After the massacre, some Native American leaders met to de-escalate the tensions. Within a week of the event, condolences and gifts were offered to the Haudenosaunee, Shawnee, and Lenape nations by McKee, Connolly, and George Croghan. Logan, however, claimed the right to retaliate. He led at least one retaliatory party, and several other Mingo and Shawnee parties also raided American settlers. John Murray, 4th Earl of Dunmore, Governor of Virginia, responded by launching an expedition against the Mingos and Shawnees, initiating Lord Dunmore's War.

Daniel Greathouse died of measles in 1775. Jacob Greathouse was killed in the ambush of William Foreman Company in September 1777. Their brother Jonathan Greathouse was killed 1791 while moving his family west. They were abducted by Native Americans on the Ohio River.

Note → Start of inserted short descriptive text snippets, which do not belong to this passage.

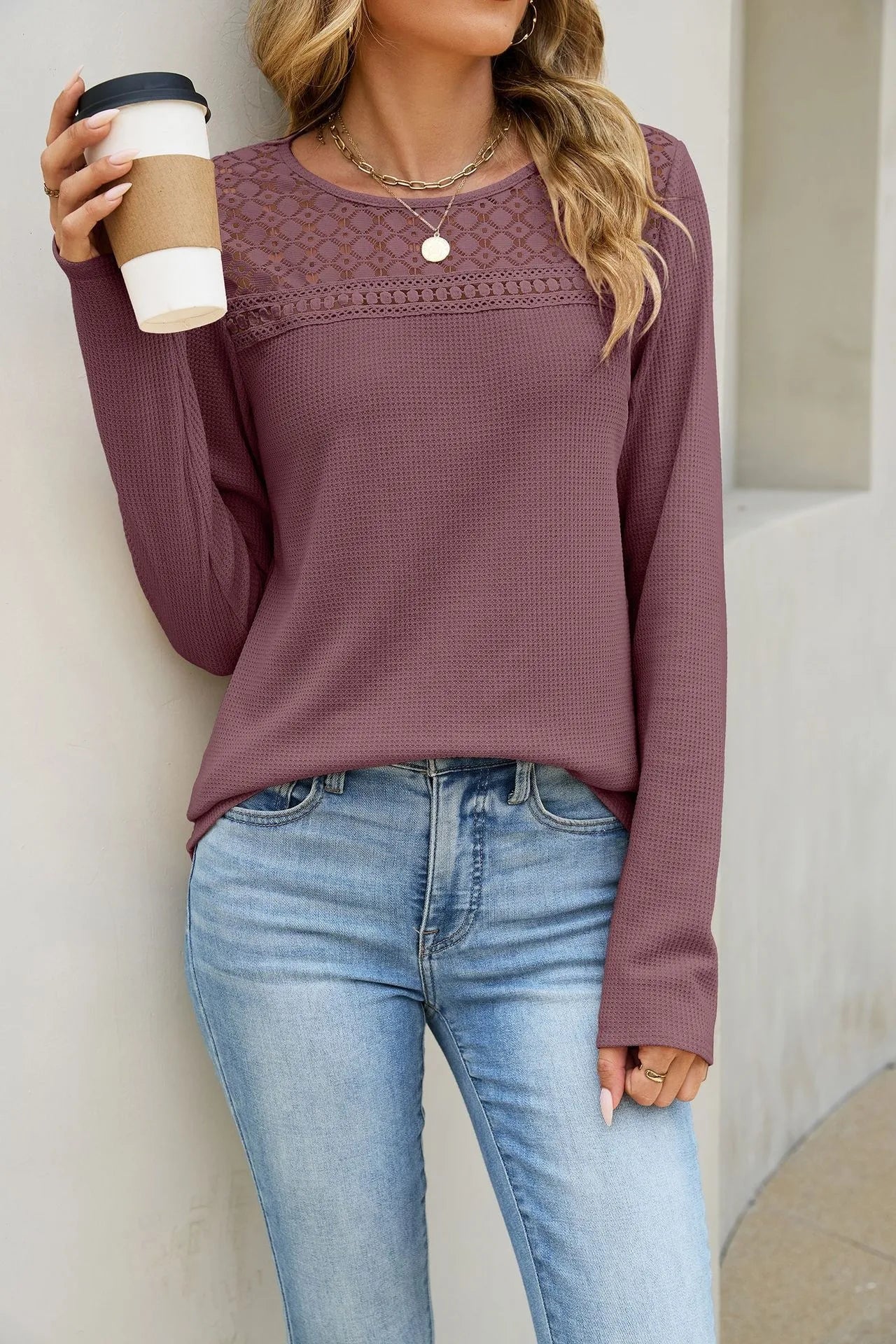 Marleem Mauve Lace‑Yoke Textured Top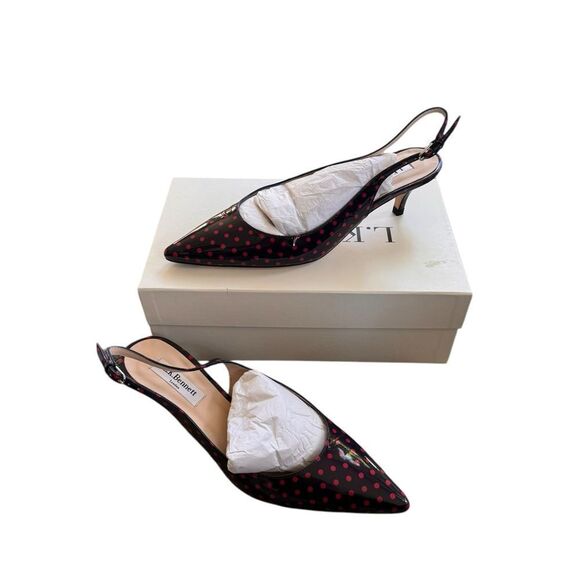 L.K. Bennett London Mira Kitten Heel Navy Red Polka Dot 40 NEW - Picture 1 of 12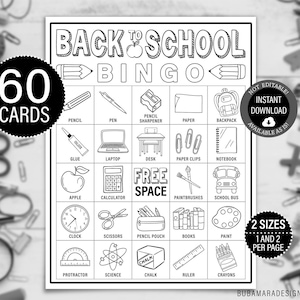 60 Back to School Bingo Cards, Printable Coloring School Bingo, Classroom Bingo Board Activity, Instant Download First Day of School Bingo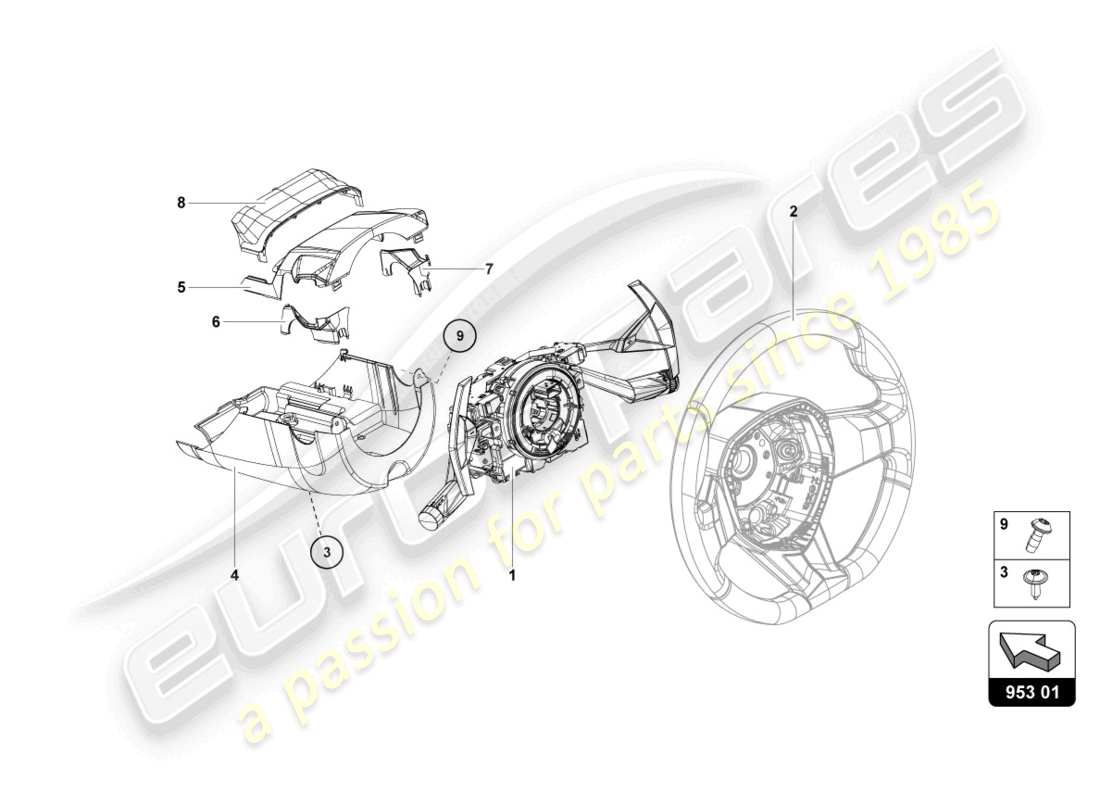 Lamborghini LP750-4 SV COUPE (2016) RACK AND PINION STEERING Part Diagram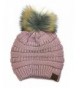 Women Metallic CC Beanie Soft Stretch Cable Knit Pom C.C Beanie Hat 5 Color - Rose - C8188AOMMS8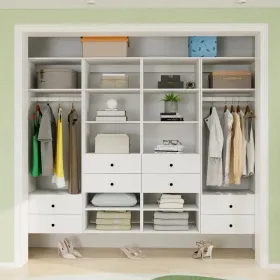 Closet Organizer System,Wall Mounted Closet Storage With  Drawers And Shelves Closet Storage For Bedroom,White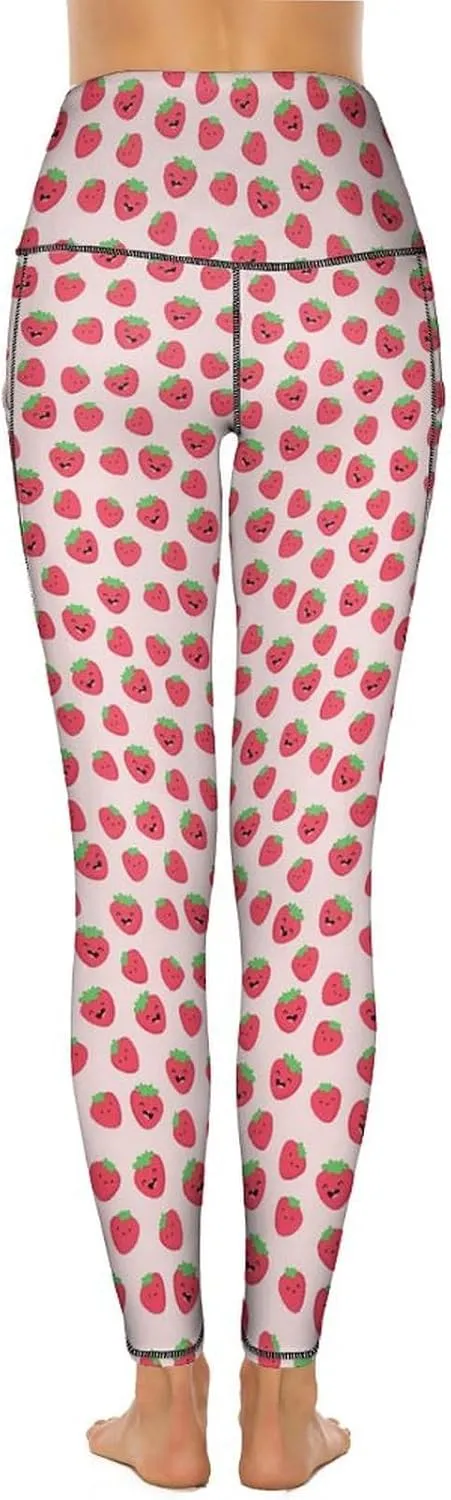 Cute Birds Floral Yoga Pants Women Tummy Control Workout Leggings with Pockets Stretchy High Waist Work Casual Pants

An article known as "Logan's Lament" was published in The Virginia Gazette in 1775. In part, it read: "Col. Cresap, the last spring, in cold blood, and unprovoked, murdered all the relations of Logan, not sparing even my women and children. There runs not a drop of my blood in the veins of any living creature. … Who is there to mourn for Logan? — Not one.” The lament was said to have been witnessed and translated by John Gibson.

The massacre, as well as Logan's Lament, was mentioned in Thomas Jefferson's Notes on the State of Virginia. Jefferson initially named Cresap as the person who murdered Logan's family, but corrected this information in an appendix of his 1800 edition. In 1798, a neighbor claimed that the Virginian party "appeared to have lost … sentiments of humanity as well as the effects of civilization."

The Yellow Creek Massacre provides the background for John Neal's 1822 fiction novel Logan.